The prophet Amos lived during the 8th century BC in Judah, the southern kingdom, the kingdom having been divided following the death of Solomon. Amos was sent as we heard to Israel, the northern kingdom, to warn them of impending disaster. His message was clear. The rulers and the rich in the northern kingdom cared nothing for the poor and needy and were obsessed with their own luxury. So, the Lord God would rise against the king of Israel, Jeroboam II, and the sanctuaries and high places would be laid waste. The king would die and the people would be sent into exile. The Lord God had sent Amos to warn them. But they rejected his message and carried on regardless. And so disaster struck. The Assyrian empire ruled by Tiglath-Pileser III, who had come to the throne in 745 BC, attacked and destroyed the northern kingdom of Israel and took its leaders into exile.

The prophet Amos knew who was in charge. No king, no army, could withstand the power of the Lord God. As we hear in psalm 75, ‘God is the Judge: he putteth down one, and setteth up another.’ And Amos trusted that God would deploy a foreign king against his own people if necessary in order to end abuse.

Our gospel reading today seems to tell a different story. John the Baptist, the great prophet, the forerunner of Christ, had warned many Pharisees and Sadducees coming for baptism, ‘You brood of vipers! Who warned you to flee from the wrath to come? Bear fruit worthy of repentance.’ But now, he is in prison and suffering at the hands of the wicked king Herod. He is beheaded as a result of queen Herodias’s hatred of him and her daughter Salome’s erotic dance.

So, we see the power of the wicked to withstand the will of God. And, of course, we know that can be the case. We know it for ourselves. Despite our repeated waywardness, our sinfulness, our selfishness, we’re still here. God has not struck us down. Not yet at least. So, is there ultimately anarchy? Time and chance the final governor? Is there really no one in charge? I don’t believe so.

Evil does happen. The good do suffer. The wicked appear to triumph. On the Abbey’s west front are statues of ten 20th century martyrs, representative of many thousands of men and women and children who died during the 20th century for their Christian faith and way of life. Later this year, one of them Oscar Romero, archbishop of San Salvador, who was assassinated at the altar on 24th March 1980, will be formally declared a saint. And early next year, at the time of the 125th anniversary of his birth, we shall hold a service here to honour St Maximilian Kolbe, another of the martyrs commemorated there, a priest who gave his life in Auschwitz volunteering to replace a young father he did not know when the Nazi guards were selecting ten people at random to be starved to death.

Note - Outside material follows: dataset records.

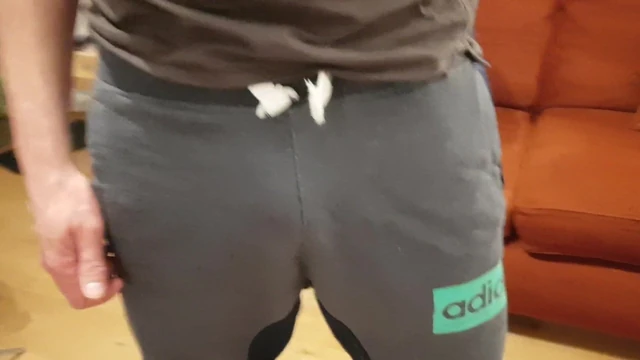 Guy fondles his beautiful overhung foreskinned willy
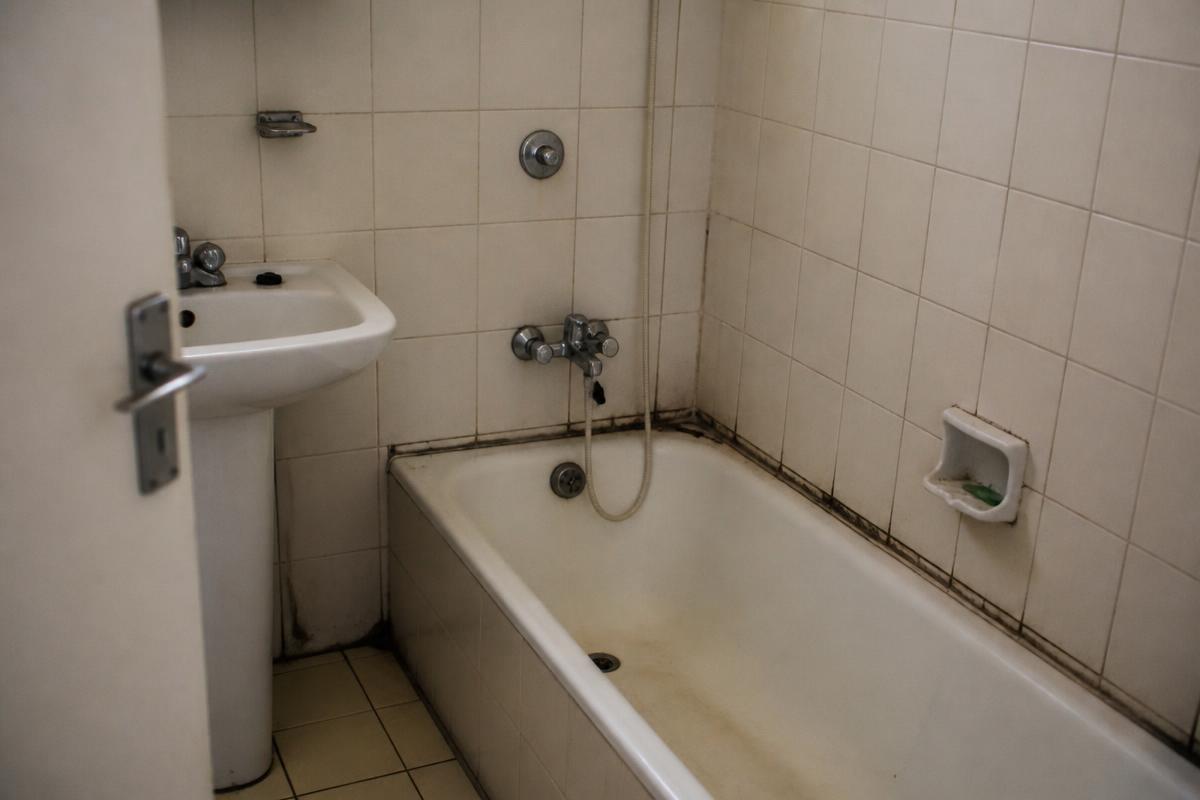 Badkamer particulier voor de reparatie: aangetaste kit, versleten voegwerk en losse tegels
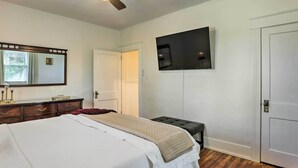 Une chambre à coucher avec un lit, une commode, un téléviseur et deux portes.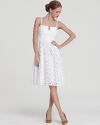 Fashioned in delicate eyelet, this gorgeously tailored Milly dress exudes ladylike charm.
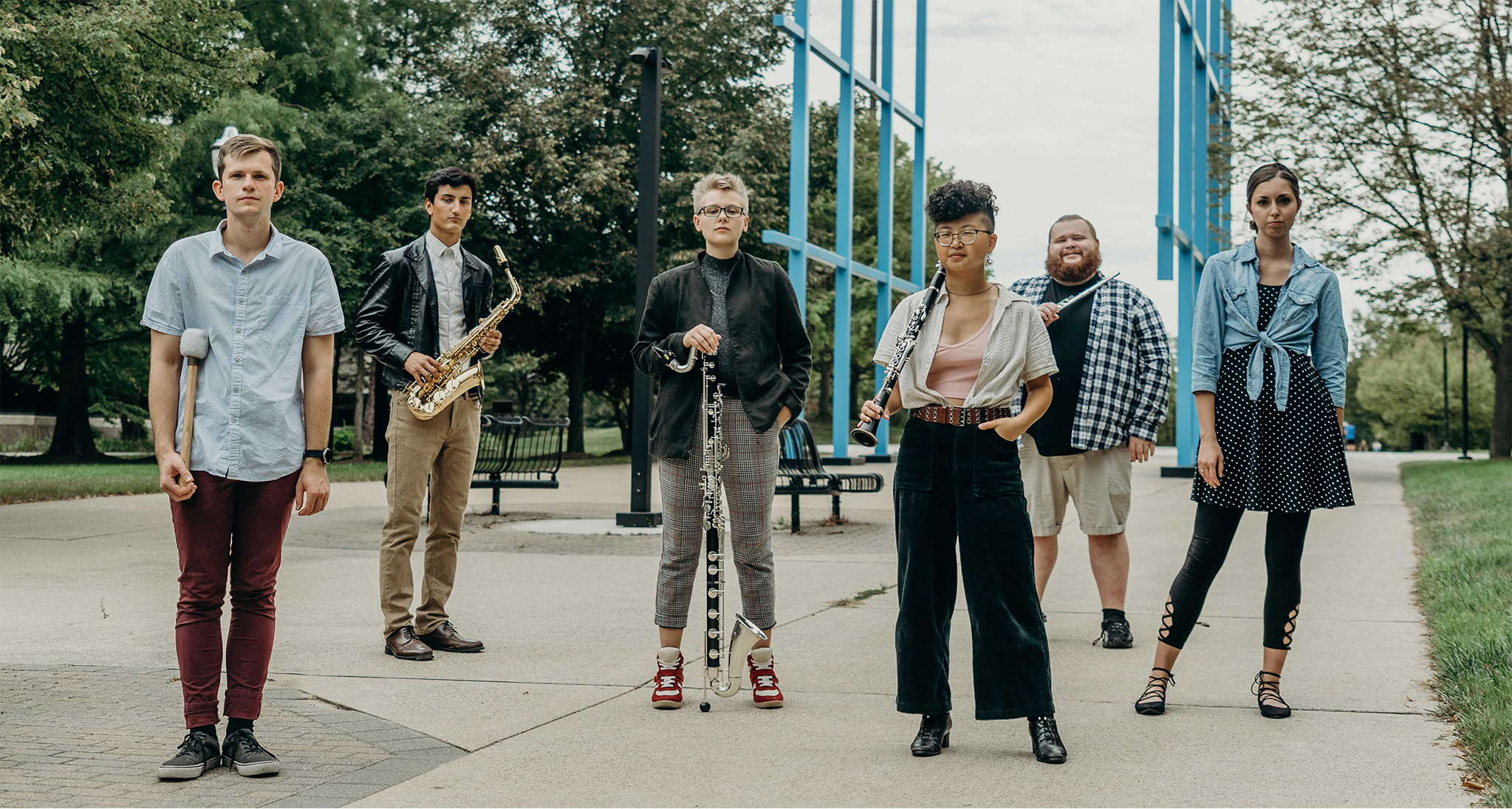 Photo of the Grand Valley State University New Music Ensemble A group of musicians stand holding various woodwind instruments in a paved plazxa.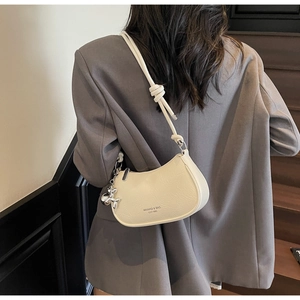 Detail of off-white crescent bag with knotted strap and silver balloon dog charm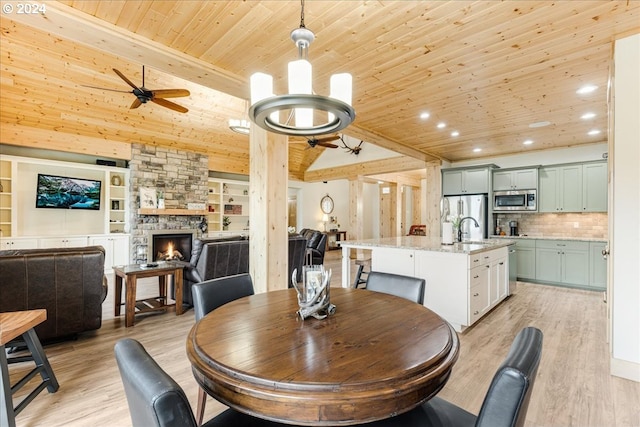 dining space featuring lofted ceiling, sink, wood ceiling, a fireplace, and light hardwood / wood-style floors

The wicked appear to triumph, I said. And many people suffer as they do. But we have seen the rise and fall in the past century of oppression and hatred, of dictatorship after dictatorship. The vicious cruelty of Russia’s Communist regime, where Stalin put to death at least six million of his own people and perhaps nine million others, was finally defeated. The Nazi regime in Germany, that caused the death of six million Jews and perhaps six million others, was defeated. Germany has radically changed into a prosperous and peaceful country. The dictatorships in Spain and Portugal were defeated. Ultimately the good prevailed.

We see the power of God cloaked in Jesus Christ, his life, death and resurrection. But the power is there and the ability to make a difference. We may not always discern God’s will or God’s way. But we can and should trust in God. Who’s in charge? God’s in charge: God’s gift of creation; God’s gift of redemption in Christ; God’s gift of sanctification, if we will accept it. As we heard St Paul say earlier, God has a plan to gather up all things, things in heaven and things on earth. To God be the glory.